Thirsting for long-term solutions

Thirsting for long-term solutions

Thirsting for long-term solutions

A deadly double trouble stares Bengaluru City straight in the face this summer. Drying up fast, the Cauvery reservoirs might barely meet the city’s rising water demand. But an acute power crisis threatens to derail BWSSB’s contingency plans till June, pushing Bengalureans to the edge.

Pumping water from Cauvery in three stages over 110 km takes a whopping 120 MW of power, every day. Distributing this through 70 pumping stations within the City adds to that huge consumption. Load-shedding, scheduled and unscheduled, could play havoc with the system. Is Bengaluru ready, is BWSSB prepared?

The signs are ominous. Water levels have dipped 25 per cent in the four Cauvery river basin reservoirs of Harangi, Hemavathi, KRS and Kabini. BWSSB says reserving 1.5 tmcft of water every month till end of June might just help tide over the summer demand. But they aren’t so sure.

Power shortage could trigger a water crisis by May-end. Bengaluru’s voracious water demand in the summer heat could advance that crisis to even April.

Here’s why: Like every summer, borewells have dried up in thousands, groundwater table has dipped dangerously, rain-water harvesting and other water conservation efforts are still in their infancy.

BWSSB banks on the Irrigation Department’s assurance that priority will be for drinking water and not irrigation. But will this go well with farmers in the Cauvery river water basin? Lack of a long-term strategy to address the city’s recurring summer crisis makes this tricky balancing act inevitable.

No exclusive reservoir

The problem, as articulated by former BWSSB chief engineer M N Thippeswamy, is this: None of the four reservoirs upstream has water exclusively earmarked for water supply to Bengaluru.

Not a drop! Every year, demand from the city dictates the flow. This need-based system just does not suit a city of 10 million and rising.

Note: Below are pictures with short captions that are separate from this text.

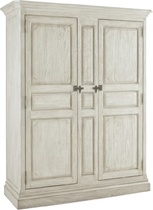 Шкаф Montebello Master Chest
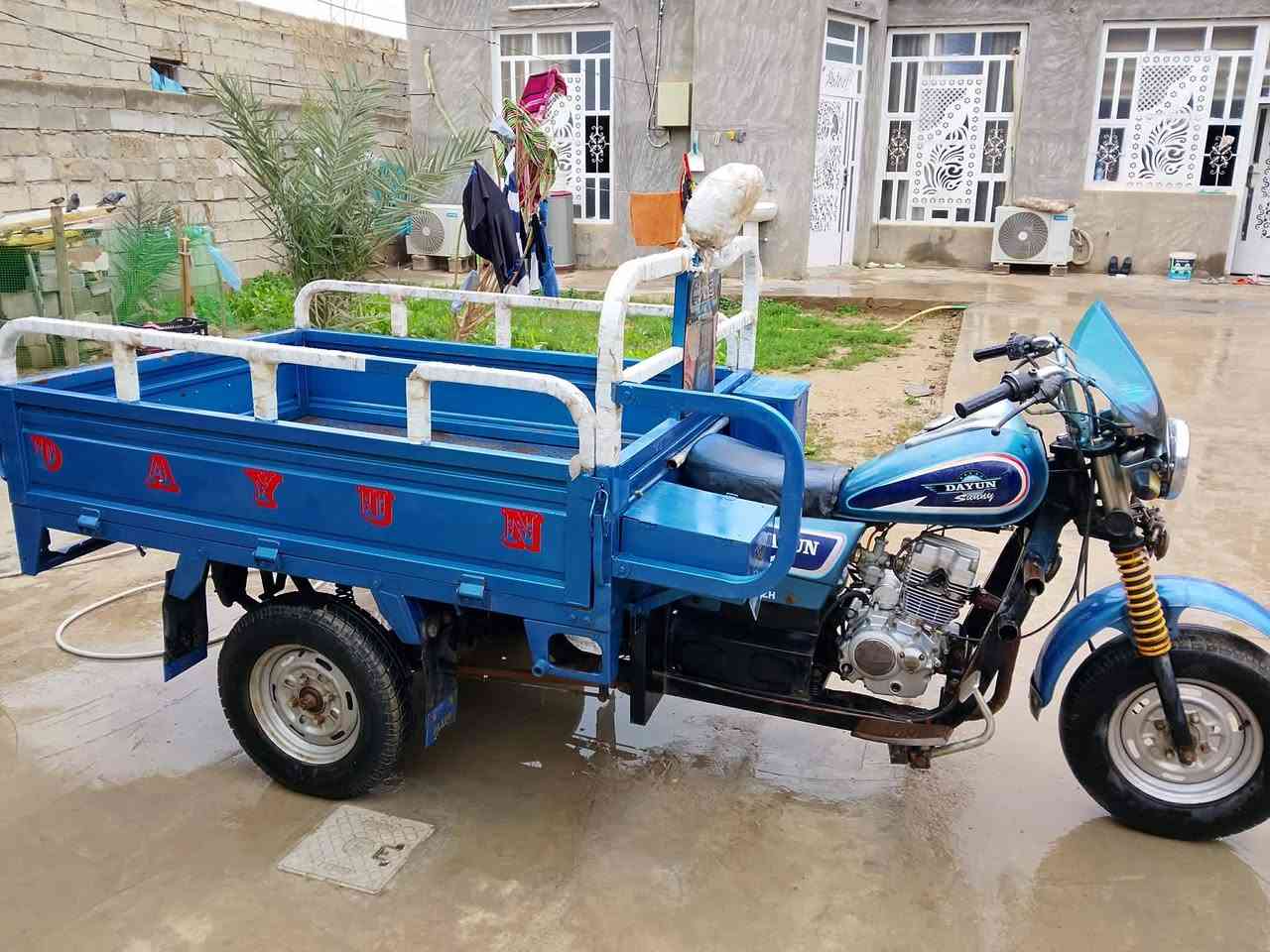 السلام عليكم الستوته للبيع موديل 19(اوراق) كفاله عام 

الستوته جاهزه ي نقص مابيه كهربايات كله شغل 

  مكفوله من كلشي (الستفسار اكثر تواصل خاص مفتوح) 

اتريك وين مايعجبك مكفوله من كلشي جاهزه 
ملاحض(مصبوغه عام جماليه)


**إذا كنت صاحب هذا الإعلان وتريد حذفه لأي سبب، رجاءا أرسل رسالة إلى الدعم الفني**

Based on Bengaluru’s water demand over the next 25 years, the Australian International Development Agency (AusAID) had prepared a master plan that clearly indicated the need for an exclusive reservoir.

“Two locations were identified in the downstream of Shiva Anicut and upstream of Mekedaatu for a 2 tmcft balancing reservoir. But nothing materialised,” notes Thippe­swamy.

Depleted reservoir levels inevitably lower the velocity of water flow into the City. High evaporation losses further reduces the water volumes. Pilferage both in the river basin and inner city areas is another cause for concern.

Unaccounted water

Eventually, as the Water Board’s Chief Engineer (Maintenance) Kemparamaiah informs, only 600-700 MLD of the 1,370-1,380 MLD that is pumped from Cauvery is accounted for.
That’s a staggering 50 per cent lost due to factors that could have been controlled with better technology and management.

Bengaluru’s growth has largely been on its periphery, vast swathes of which comes under the erstwhile 110 villages brought under the BBMP limits. There is no BWSSB pipeline infrastructure here. The water tanker mafia reigns supreme here, their rates and water quality totally unregulated.

As a contingency measure, BWSSB too has proposed to engage all its 63 tankers and hire another 60 private tankers to cater to any shortage.

These would distribute water supplied by about 8,000 borewells owned by the Board. But many of these and a big proportion of the estimated 3 lakh private borewells could dry up as summer advances.

Depleting sources

Consider this: Barely 200 metres from Bellandur lake, a borewell dug in December could find no water even at 1,000 ft.

This story finds its echo in Marathahalli, Whitefield, Yelahanka, Sarjapur road and beyond. If groundwater table depletion is one issue, heavy chemical contamination of the precious liquid at such levels is another dangerous trend.  

Traditionally, the city’s water distribution network in residential areas has been designed for houses with one or two floors. But the city’s vertical growth, propelled by hundreds of multi-storeyed apartment blocks particularly in the 110 villages, has put a severe strain on the old network. A top BWSSB official admits that the Board can do nothing in areas that fall under the old villages. If the borewells dry up, lakhs of apartment residents here will have no place to go.

In the ultimate analysis, the crisis management clearly shows a gaping hole in planning, policy formulation and poor vision. The stress is always on contingency plans, much less on long-term solutions. As one Water Board insider says with biting sarcasm, even the water conservation awareness starts only by the end of January and lasts till June. This way, the last drop won’t last long. 

Based on City’s water demand over the next 25 years, an Australian International Development Agency master plan had indicated the need for an exclusive reservoir.

Two locations were identified in downstream of Shiva Anicut and upstream of Mekedaatu for a 2 TMCft balancing reservoir. But nothing materialised.

Only 700 MLD of 1,380 MLD pumped from Cauvery is accounted for. A staggering 50% is lost due to factors that could be controlled with better technology, management.